Shawn räkelt sich auf einem der Sofas, sichtlich
müde vom Tourneestreß, Jeffrey sitzt neben ihr und ist der erste,
der uns freundlich begrüßt. Tonya ist die kühle Ruhe in
Person, trotzdem aber irgendwie nett. Anne kommt später hinzu und
komplettiert das Quartett aus New-Mexico.
Nach einer kurzen Begrüßungsrunde und dem
Aufstellen des Mikrophons beginnen wir mit dem Interview. Über die
Frage aus gegebenem Anlaß, warum die Band ihre Texte nicht
abdruckt bekommen wir ein kopfschüttelndes „Darüberhabenwirnochnienachgedacht!".
Nach anfänglichem Smalltalk ist das Eis schnell gebrochen; was einem
die Band auch sehr leicht macht. Einfach supersympathisch und offen!
Hazeldine haben nach ihren Erzählungen mit der Möglichkeit
beim „South-by-Southwest-Festival" 1995 aufzutreten und der dies mit sich
bringenden Gruppenstimmung endgültig das Schlüsselerlebnis gehabt,
als Band zusammenzubleiben. Sie sehen ihre gemeinsame Entwicklung als sehr
gewinnbringend für ihre Musik an. Die Frage nach ihren musikalischen
Vorbildern beantworten sie mit einem gelangweilten
„Neil Young and all the old ones!"; wobei sie es sich
nicht nehmen lassen, auch ihre aktuellen Einflüße preiszugeben.
Hier fallen Namen wie
„Giant Sand", „Portishead", „Barbara Mannings", „OP8"
und
sogar die, auch nach Anne´s Meinung „beste Band der Welt" „Oasis".
Shawn erwähnt hier auch noch ihren Vater, der mit ihr ab dem Alter
von 6 Jahren echten Blue-Grass Country spielte.
Zu weiteren CD-Veröffentlichungen möchten sie
sich dann nicht äußern; nur daß wahrscheinlich eine remixte
und mit „ein paar mehr Songs" aufgepeppte Version von „How bees fly" als
US-Release im nächsten Frühjahr über´m Teich erscheinen
soll. Shawn reagiert spontan selbstbewußt mit einem fast akzentfreien
„Natuurlisch" auf die Frage nach der positiven Kritik im deutschen Rolling-Stone-Magazin.
Sie hat die Kritiker-Polls des deutschen Kultmagazins auch schon ein paar
Freunden in den Staaten geschickt; immerhin Platz vier!
Nein; auf die Frage, ob sie schon einmal negative Erfahrungen
mit der Tatsache gemacht haben, in einer Männerdomäne als Fast-Nur-Girl-Band"
Musik zu machen, konnten sie keine Beispiele erzählen. Irgendwie denken
sie auch nicht darüber nach.

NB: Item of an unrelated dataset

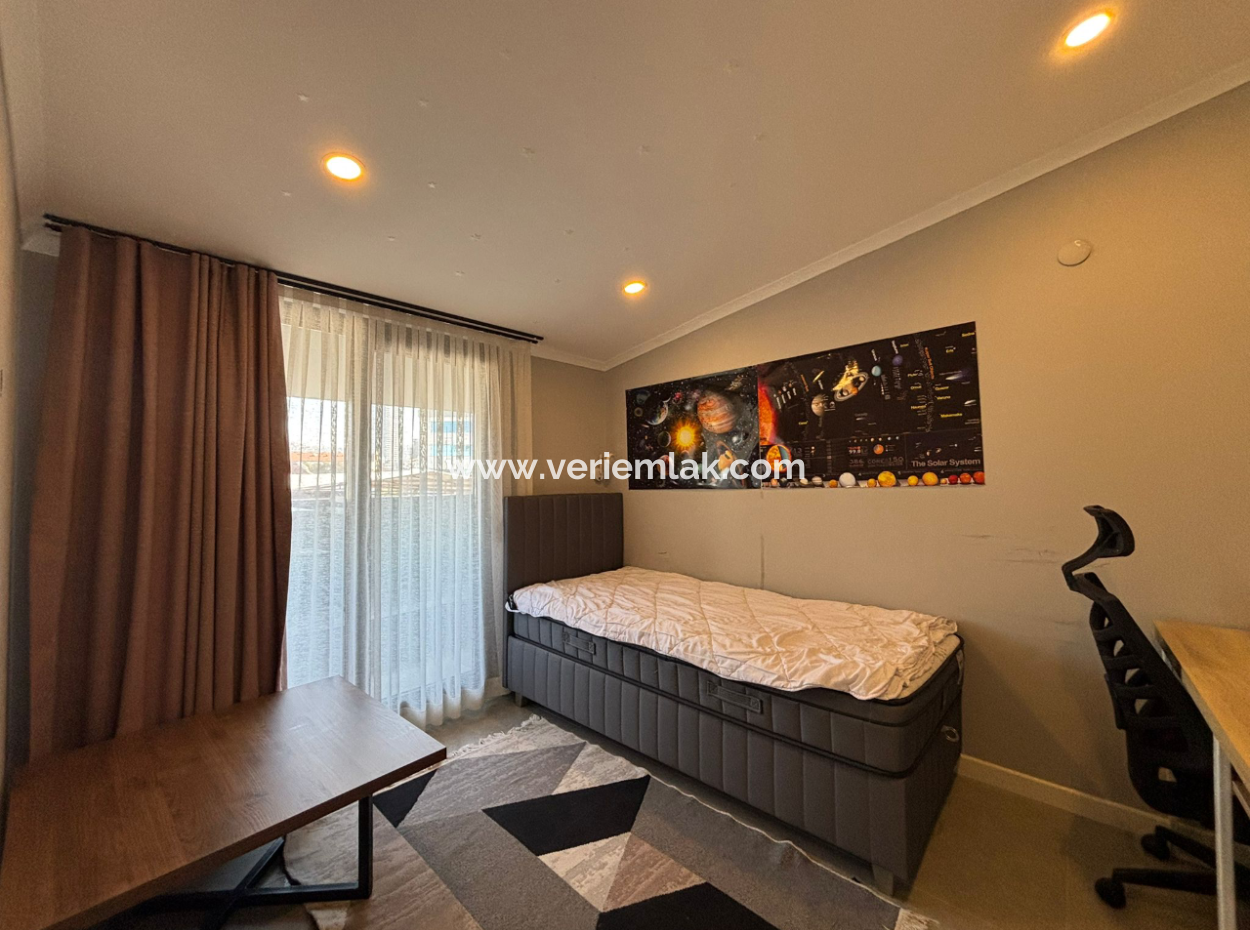 Duplex 2 1 Furnished Flat For Rent In A New Building In Alsancak Heroes!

Außerdem sind sie sowieso „die
echten Spice Girls", flachsen sie daraufhin miteinander!
Nachdem die Jim Beam Flasche ein weiteres Mal die Runde
gemacht hat, erzählt Shawn von ihren Deutschkenntnissen, die sich
in der gesamten Band auf Ausdrücke wie „Billige Nutte" und „Ungezogene
Kinder" beschränken. Über das deutsche Konzertpublikum wissen
sie nur das beste zu berichten. So sind die deutschen, neben ihrer immensen
Bereitschaft Merchandising-Artikel zu erwerben, auch wesentlich bewußter
bei der Musik, als das z.B. in den Clubs in den USA der Fall ist. Dort
ist es vielen Leuten egal, wer da spielt; hier scheinen die Zuhörer
ganz gezielt wegen der Band zu kommen.
Die Tour wird in Deutschland noch fortgesetzt und europaweit
in Dublin beendet. Dann geht es endlich wieder nach Hause; „we haven´t
been there for almost ten months now!"